A GAN-based Image Generation Method That Revolutionizes The Generation Of Annotated Datasets

Image Generation 12/07/2023

3 main points
✔️ DatasetGAN is a tool for generating detailed annotated images.
✔️ A human only needs to assign detailed annotations to a very small amount of images (16 images), which can generate an infinite number of annotated datasets.
✔️ Semi-supervised learning was performed on the generated images and achieved performance comparable to fully supervised learning.

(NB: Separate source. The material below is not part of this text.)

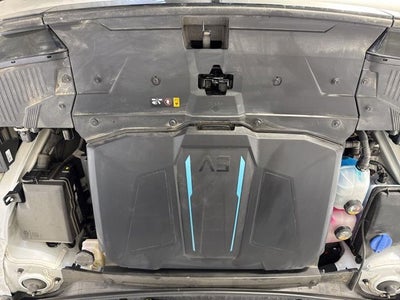 2024 Hyundai IONIQ 5 Limited AWD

DatasetGAN: Efficient Labeled Data Factory with Minimal Human Effort
written by Yuxuan Zhang, Huan Ling, Jun Gao, Kangxue Yin, Jean-Francois Lafleche, Adela Barriuso, Antonio Torralba, Sanja Fidler
(Submitted on 13 Apr 2021 (v1), last revised 20 Apr 2021 (this version, v2))
Comments: Accepted to CVPR 2021 as an Oral paper
Subjects: Computer Vision and Pattern Recognition (cs.CV)

code：

The images used in this article are from the paper, the introductory slides, or were created based on them.

Introduction.

The core of this paper is presented in the introduction. As shown in the figure above, StyleGAN generates segmented images and normal images (cars). This allows us to generate an unlimited number of annotated images and use those datasets for classification, identification, etc." is the claim of this paper.

Furthermore, only a small amount of manual annotation is required. In the paper, only 16 images were annotated, and the annotated images were successfully generated.

Additionally, the annotations are detailed as shown in the figure above. Annotations are assigned to each part of the car (front lights, pumper, grille, etc.). Assigning such detailed (high-quality) annotations takes time and manpower (i.e., money). The benefits of saving time, manpower, and money are reiterated in this paper.

General solution for no or few annotations

How to use data synthesis

There are known studies that use 3DCG to create annotated images (datasets) and studies that generate datasets with GAN (Generative Adversarial Network). This study also uses GAN, but prior studies assumed a large labeled dataset.

semi-supervised learning

When using a segmentation network, this network can be thought of as a generator of annotations. This network learns better segmentations with a small amount of supervision (manual annotation). This can be used on unannotated images to obtain pseudo-labels (pseudo-segmentation).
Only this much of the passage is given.